第三十六話 繊細さを楽しむ


      

できるものならビュンビュン走って、爽快な気分を味わいたいものです。その何と気持ちの良い事か。誰もがそうできればヨットは最高、そのスピード感はボートの比では無い。とは思うものの、実際はそうは行かないのが現実です。時に、偶然の風でもってそういう気分を味合わせてくれる有難い事もあるが、そういつもとは行かない。

そこで、セール調整をする。しかし、どんなにやってもビュンビュン走れるようにはならない。それはその時の風次第。スピードはその時の風の状態で大まかなスピードは決まってしまい、セール調整はそれに比べらたら小さな変化を加えるに過ぎない。

何だ、そんなもんかと言う前に、もう少し考えてみます。セーリングがもしその時の風の強さだけが面白さなら、たいした事は無いんです。偶然に面白かったりに過ぎない事になる。では、何故セール調整をするのか?劇的にスピードが上がるわけでも無いのに。

セーリングはそこがポイントだと思います。セーリング調整による物理的変化は小さい。しかし、自分で考えて、自分で操作して、そうなると意識もそこに注がれ集中します。だから、小さな変化といえどもそれを感知する事ができる。風は偶然、でも、操作は自分でコントロールできる。変化が小さいか大きいかの問題では無く、感知できるかどうかの違いがセーリングを大きく分ける事になる。

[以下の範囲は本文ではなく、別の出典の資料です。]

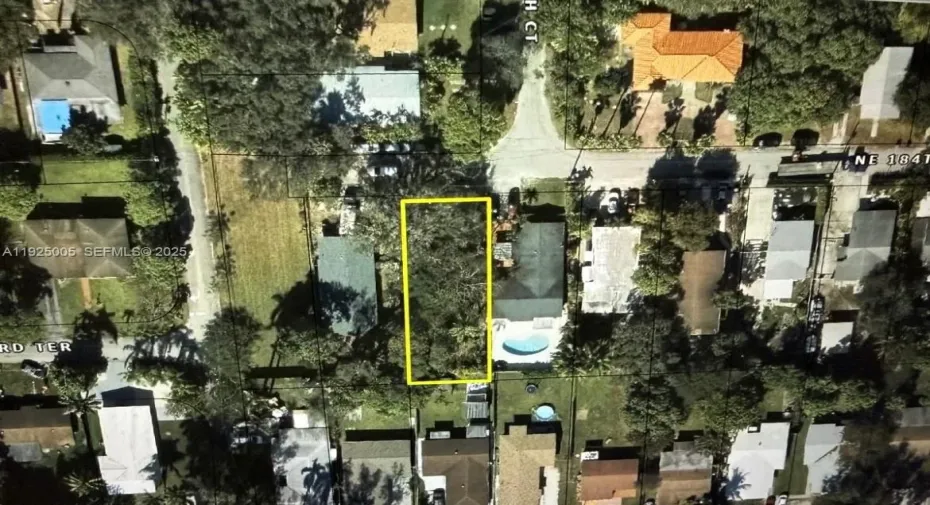 Aerial view of lot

より鋭敏な性能を持つヨットは変化を感知し易くなる。鈍いヨットは集中してもなかなか感知できない。そこがヨットの違い。上の写真はMD35というハイスピードヨット。こんなスポーツカー的なヨットを、気軽に出して、2〜3時間でもスイスイ走ってくる。そこにはただ動いているというだけでは無く、考えたり、感じたり、創造したり、発展的な試行錯誤がある。常に変化する風に対して、どこまでバランスできるか?そういう頭脳的なスポーツを楽しみ、同時にその発展性におけるフィーリングを楽しむ事ができる。セーリングは大胆さと繊細さを楽しむスポーツです。そうなると自然を有難く感じてきます。